By Abhisek Sahoo, Director of M&A and Investing, Aspen Standard Wealth
When the time comes to consider an exit, many RIA founders don’t spend enough time looking backward before moving forward. They overlook the chance to appreciate and celebrate what they’ve built: an enduring brand, a culture of partnership and loyalty, and clients who have trusted them through market cycles, births, deaths, marriages, divorces, and generational wealth transfers.
Before thinking about what comes next, the most valuable thing a founder can do is stop and take stock of what they’ve created and acknowledge the significance of that achievement. It’s a critical but often overlooked step in preparing for the realities of pre-transaction planning. The four steps below are designed to help guide that important period of reflection.
Define Your Identity
Your firm’s identity – its culture, brand, client relationships, and investment philosophy – is often your most durable asset. Most founders have never formally articulated what they’ve built and the exercise of doing so is valuable on its own. Ask yourself:
- What does your brand mean to clients and the community you serve?
- What investment philosophy or service model sets you apart from the 15,000+ other RIAs in the country?
- How is your organizational culture differentiated from other firms?
- If your firm’s name were removed from your ADV, would a client still recognize it as the firm they know and trust?
Founders who take the time to answer these questions are better positioned to evaluate any future partnership, and more importantly, to protect what they’ve built when at the negotiating table.
Understand Your Growth Ceiling
Most RIAs have grown through referrals and word of mouth. That’s not a criticism; it’s a testament to client loyalty and something to be proud of. But as leaders consider what their firms will look like over the next 10, 20, 30 years, it’s worth asking what an enhanced growth engine could do for their business, their team, and their clients.

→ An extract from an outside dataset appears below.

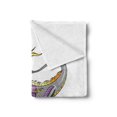 thumbnail image 2 of Japanese Dragon Soft Flannel Fleece Throw Blanket, Far Eastern Beast Fiery Monster with Scales Fangs and Tail, Cozy Plush for Indoor and Outdoor Use, 60" x 80", Grey Violet Yellow, by Ambesonne, 2 of 5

Especially in a highly competitive landscape where the ability to scale has taken on outsized importance. Ask yourself:
- Where has your growth come from over the past five years?
- Have you invested in digital marketing capabilities? If so, what happened? If not, why not?
- How much of your growth has come from new clients versus existing client asset growth?
Most founders discover that the gap between their current organic growth rate and what’s possible with the right resources is significant. That gap is value waiting to be unlocked.
Take Stock of Your Tech Stack
Technology today isn’t just an operational question; it’s a client experience question. Clients expect their wealth managers to offer a modern, seamless, digitally native experience. The rapid evolution and adoption of AI and the ongoing “great wealth transfer” to a more tech-savvy generation should compel every RIA leader to ask whether their clients are truly receiving the best possible digital experience available. Ask yourself:
- How much of your team’s time is spent on manual processes that technology should be handling?
- How have you incorporated AI into your systems and workflows?
- What does your cybersecurity posture look like?
- Are your current systems set to serve you appropriately in the next phase of growth?
- Does your client portal and reporting provide a contemporary client experience?
The cost of outdated technology shows up in client experience long before it shows up in deal valuation. Founders who recognize this aren’t just better prepared for a transaction, they’re motivated to solve it, with or without a partner.
Think About Your People
The RIAs that endure for generations are the ones whose people believe the best chapter is still ahead. Finding a partner and a successor isn’t about replacing you; it’s about ensuring the people on your team are informed and energized about where the firm is going. Ask yourself:
- Are your next generation advisors positioned to stay and grow with the business?
- Has a succession plan been developed and communicated to firm leaders? Have you provided the training and autonomy to enable them to lead?
- Does your team have a voice in the firm’s future direction, including what you do and don’t want in a potential partner?
The best partnerships happen when RIA founders negotiate from a position of strength, not necessity. When you know what you’ve built, what you love about it, and what you never want to change, you’re in the right mindset to find an ideal partner. One that won’t ask you to give up your brand, your culture, and your legacy.